• _PROBLEM STATEMENT_: What is needed is an exact copy of the records below, minus any pictures.

(Dataset entries)

########

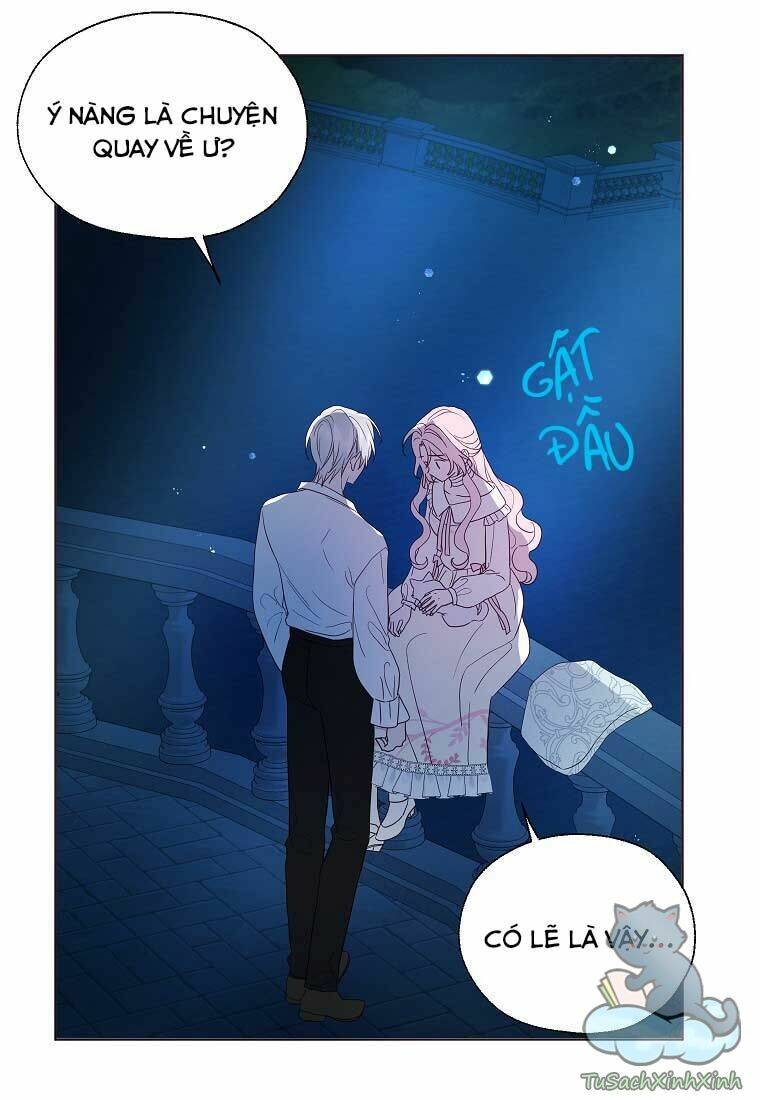 Quyến rũ papa của nhân vật phản diện - Chap 76 - Trang 42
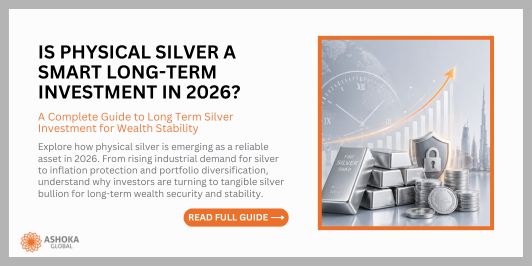 Is Physical Silver a Good Investment in 2026 for Long-Term Wealth?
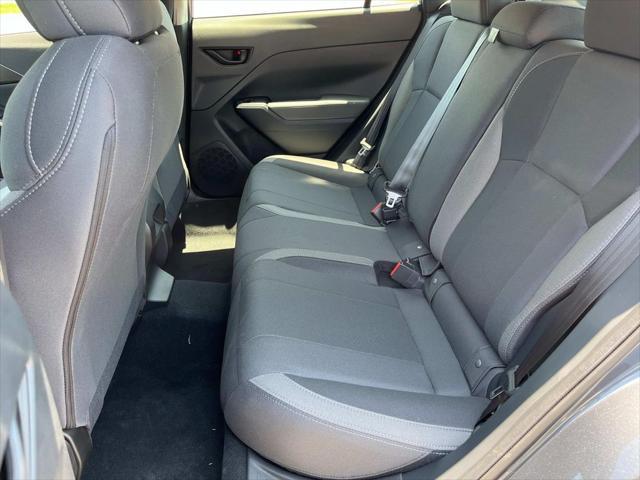 new 2025 Subaru Impreza car, priced at $25,549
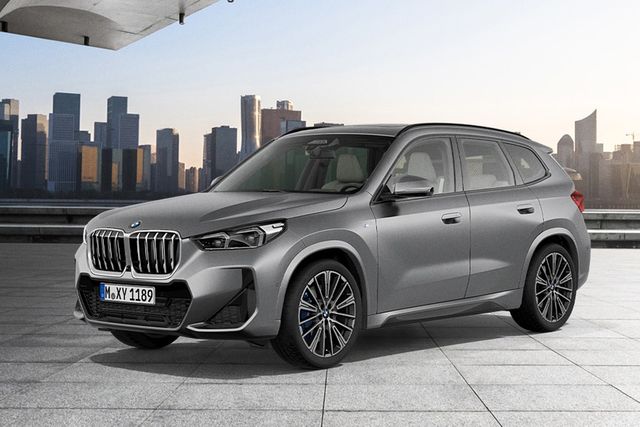 X1 xDrive20i M 스포츠 프로즌 퓨어 그레이 스페셜 에디션 /사진=BMW 코리아
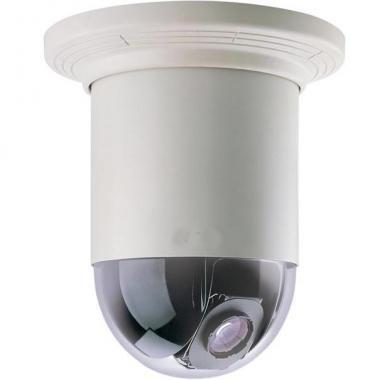 China HD network speed dome camera, indoor ceiling mount,  20x Optical Zoom, ONVIF & H264 compatible for sale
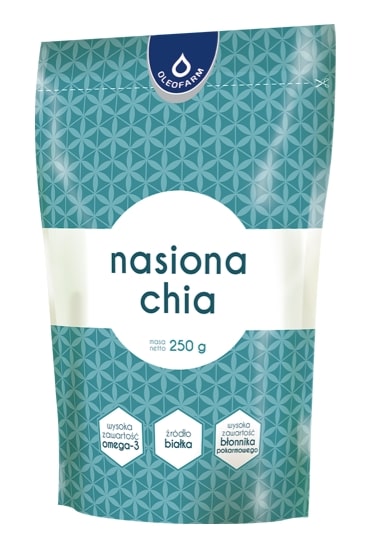 Nasiona Chia, 250g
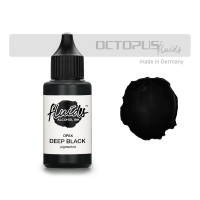 Fluids Alcohol Ink 30ml Deep Black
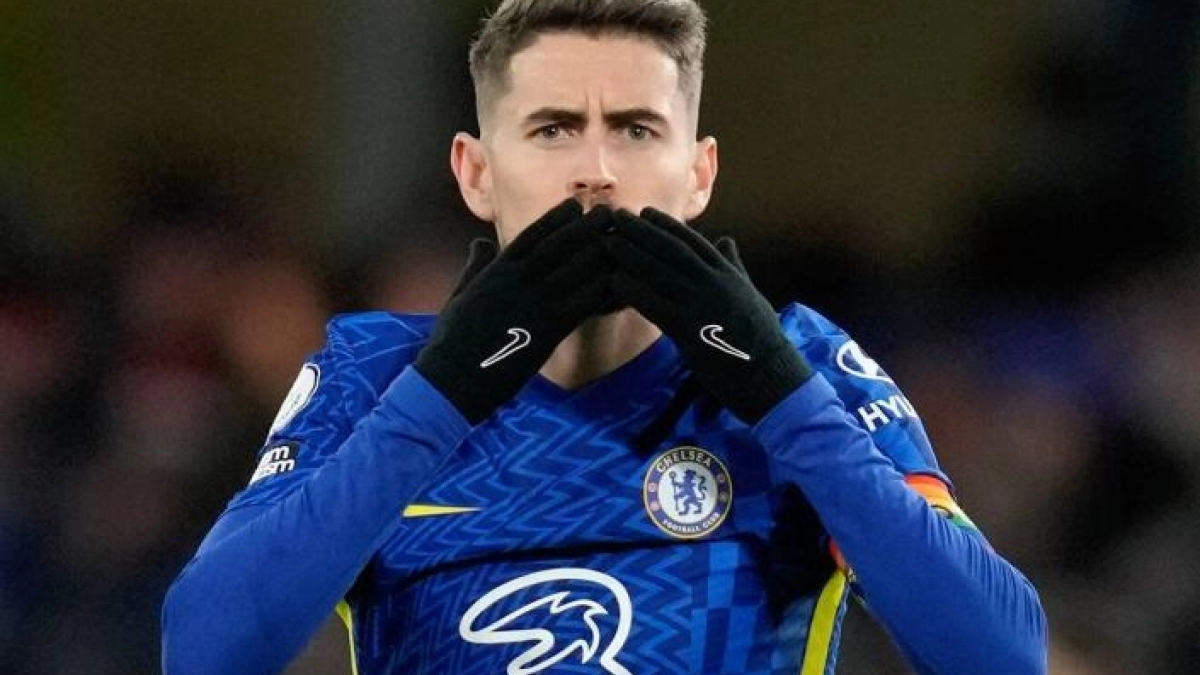 Jorginho, Chelsea e Italia. Foto: Marca
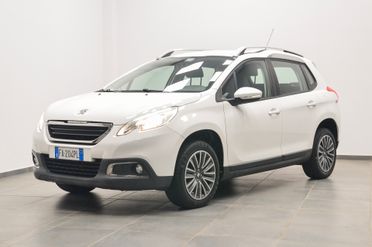 Peugeot 2008 PureTech 82 ETG5 S&S Allure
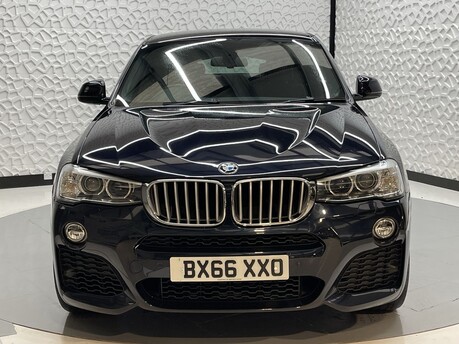 BMW X4 XDRIVE35D M SPORT 2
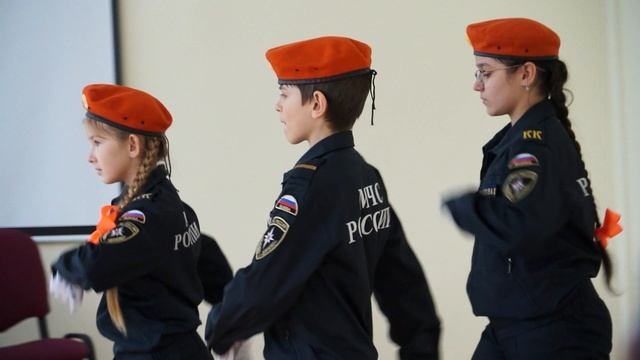 Смотр Караулов 2022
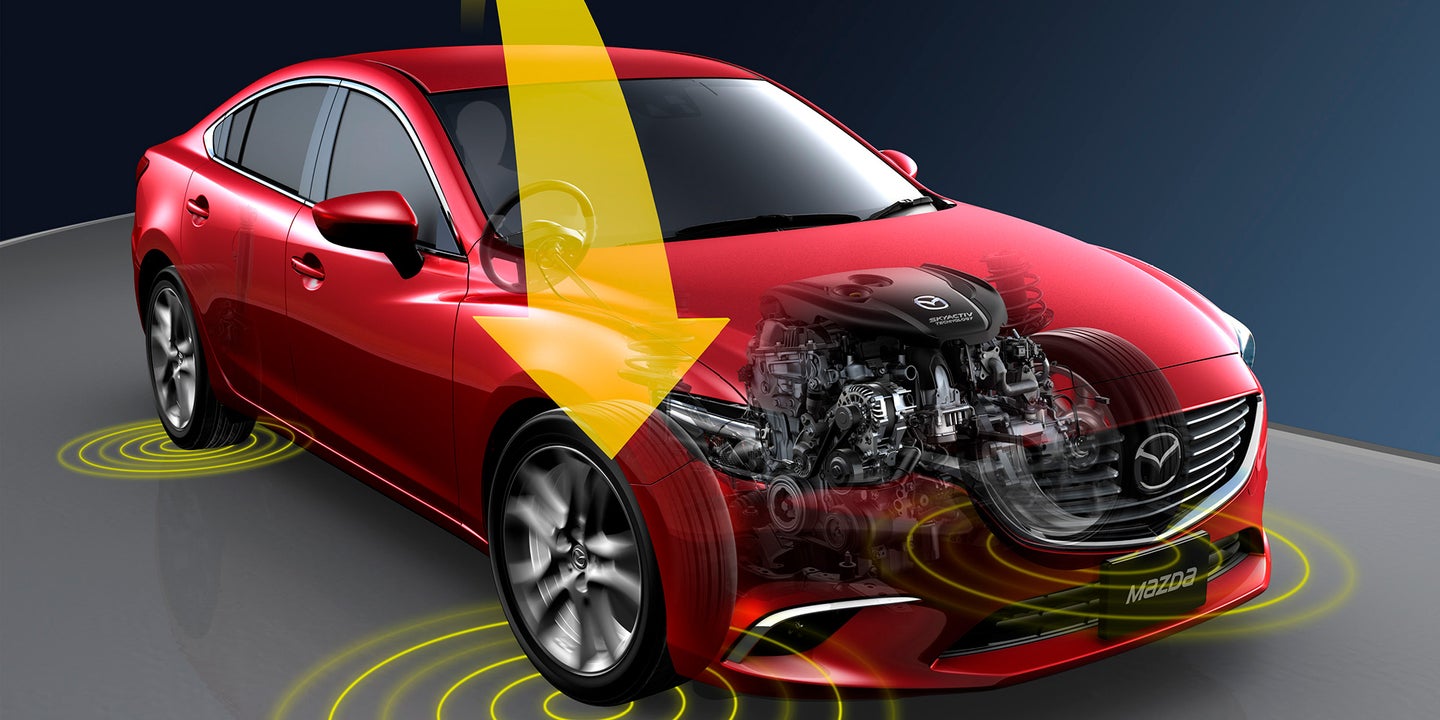 Mazda G-Vectoring System, Explained
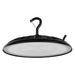 Sylvania UFOV/150120V850/BL UFO High Bay Value LED 150W 120V 80 CRI 5000K Black 6 Foot Cord And Plug (66332)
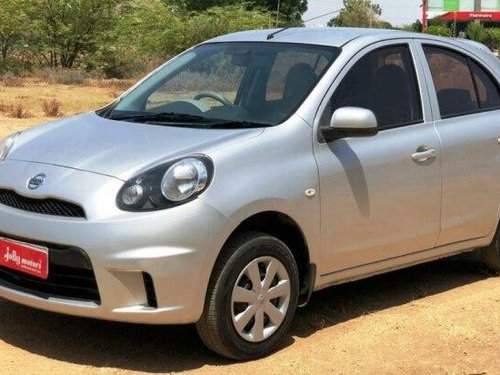 Used Nissan Micra Active XV 2013 MT for sale in Ahmedabad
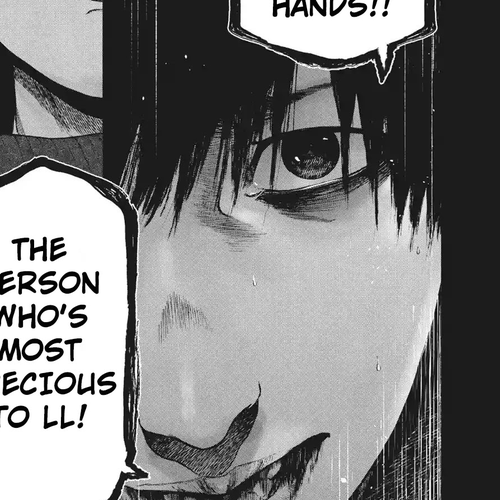 My Dearest Self with Malice Aforethought Chapter 93 cover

########

• _SOLVED EXERCISE_:
 Quyến rũ papa của nhân vật phản diện - Chap 76 - Trang 42
 Is Physical Silver a Good Investment in 2026 for Long-Term Wealth?
 new 2025 Subaru Impreza car, priced at $25,549
 X1 xDrive20i M 스포츠 프로즌 퓨어 그레이 스페셜 에디션 /사진=BMW 코리아
 China HD network speed dome camera, indoor ceiling mount,  20x Optical Zoom, ONVIF & H264 compatible for sale
 Nasiona Chia, 250g
 Fluids Alcohol Ink 30ml Deep Black
 Jorginho, Chelsea e Italia. Foto: Marca
 Peugeot 2008 PureTech 82 ETG5 S&S Allure
 BMW X4 XDRIVE35D M SPORT 2
 Смотр Караулов 2022
 Mazda G-Vectoring System, Explained
 Sylvania UFOV/150120V850/BL UFO High Bay Value LED 150W 120V 80 CRI 5000K Black 6 Foot Cord And Plug (66332)
 Used Nissan Micra Active XV 2013 MT for sale in Ahmedabad
 My Dearest Self with Malice Aforethought Chapter 93 cover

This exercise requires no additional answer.